- **WORK ORDER**:
What is needed is an exact transcription of the line with "Sram касета + верига" and all the lines that follow it in the entries below; add nothing else.

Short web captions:
+--

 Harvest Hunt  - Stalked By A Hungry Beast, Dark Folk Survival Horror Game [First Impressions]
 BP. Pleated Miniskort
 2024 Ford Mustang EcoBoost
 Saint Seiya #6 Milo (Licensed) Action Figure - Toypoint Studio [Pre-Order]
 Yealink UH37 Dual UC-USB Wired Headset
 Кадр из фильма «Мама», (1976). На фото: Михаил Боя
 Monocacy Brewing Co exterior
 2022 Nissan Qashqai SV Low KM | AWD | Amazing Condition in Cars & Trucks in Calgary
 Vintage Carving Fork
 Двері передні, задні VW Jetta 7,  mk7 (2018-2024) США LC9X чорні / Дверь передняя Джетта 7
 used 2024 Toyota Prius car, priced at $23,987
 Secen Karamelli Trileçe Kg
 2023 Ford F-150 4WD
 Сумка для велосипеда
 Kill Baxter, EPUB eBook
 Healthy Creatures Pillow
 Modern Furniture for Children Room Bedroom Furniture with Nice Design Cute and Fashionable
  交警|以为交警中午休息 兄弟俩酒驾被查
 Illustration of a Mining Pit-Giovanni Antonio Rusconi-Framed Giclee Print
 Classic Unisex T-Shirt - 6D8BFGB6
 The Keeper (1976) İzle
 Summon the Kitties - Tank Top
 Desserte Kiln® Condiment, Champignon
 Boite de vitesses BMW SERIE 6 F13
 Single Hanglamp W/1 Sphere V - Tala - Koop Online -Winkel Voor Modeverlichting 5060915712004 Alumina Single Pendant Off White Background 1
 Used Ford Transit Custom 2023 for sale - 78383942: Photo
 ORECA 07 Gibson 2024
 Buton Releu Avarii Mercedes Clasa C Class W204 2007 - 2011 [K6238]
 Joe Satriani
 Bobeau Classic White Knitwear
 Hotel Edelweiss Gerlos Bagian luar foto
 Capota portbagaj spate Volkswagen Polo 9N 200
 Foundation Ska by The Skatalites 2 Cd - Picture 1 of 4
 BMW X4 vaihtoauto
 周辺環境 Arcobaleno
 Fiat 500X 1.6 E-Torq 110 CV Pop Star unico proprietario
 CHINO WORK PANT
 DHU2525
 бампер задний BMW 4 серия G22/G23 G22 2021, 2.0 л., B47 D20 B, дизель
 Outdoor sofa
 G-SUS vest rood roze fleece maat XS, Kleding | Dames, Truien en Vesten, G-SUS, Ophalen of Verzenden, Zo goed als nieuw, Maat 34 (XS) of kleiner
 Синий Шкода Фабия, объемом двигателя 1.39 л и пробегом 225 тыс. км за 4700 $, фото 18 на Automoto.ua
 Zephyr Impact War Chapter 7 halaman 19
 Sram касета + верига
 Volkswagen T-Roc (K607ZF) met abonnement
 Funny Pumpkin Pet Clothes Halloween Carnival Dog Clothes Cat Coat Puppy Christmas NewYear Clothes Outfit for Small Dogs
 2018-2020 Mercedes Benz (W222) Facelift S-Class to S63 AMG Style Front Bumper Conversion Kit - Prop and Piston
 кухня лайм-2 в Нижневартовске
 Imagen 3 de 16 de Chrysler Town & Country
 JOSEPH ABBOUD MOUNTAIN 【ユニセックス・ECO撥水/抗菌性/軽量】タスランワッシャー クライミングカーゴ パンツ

+--

- **TASK OUTPUT**:
 Sram касета + верига
 Volkswagen T-Roc (K607ZF) met abonnement
 Funny Pumpkin Pet Clothes Halloween Carnival Dog Clothes Cat Coat Puppy Christmas NewYear Clothes Outfit for Small Dogs
 2018-2020 Mercedes Benz (W222) Facelift S-Class to S63 AMG Style Front Bumper Conversion Kit - Prop and Piston
 кухня лайм-2 в Нижневартовске
 Imagen 3 de 16 de Chrysler Town & Country
 JOSEPH ABBOUD MOUNTAIN 【ユニセックス・ECO撥水/抗菌性/軽量】タスランワッシャー クライミングカーゴ パンツ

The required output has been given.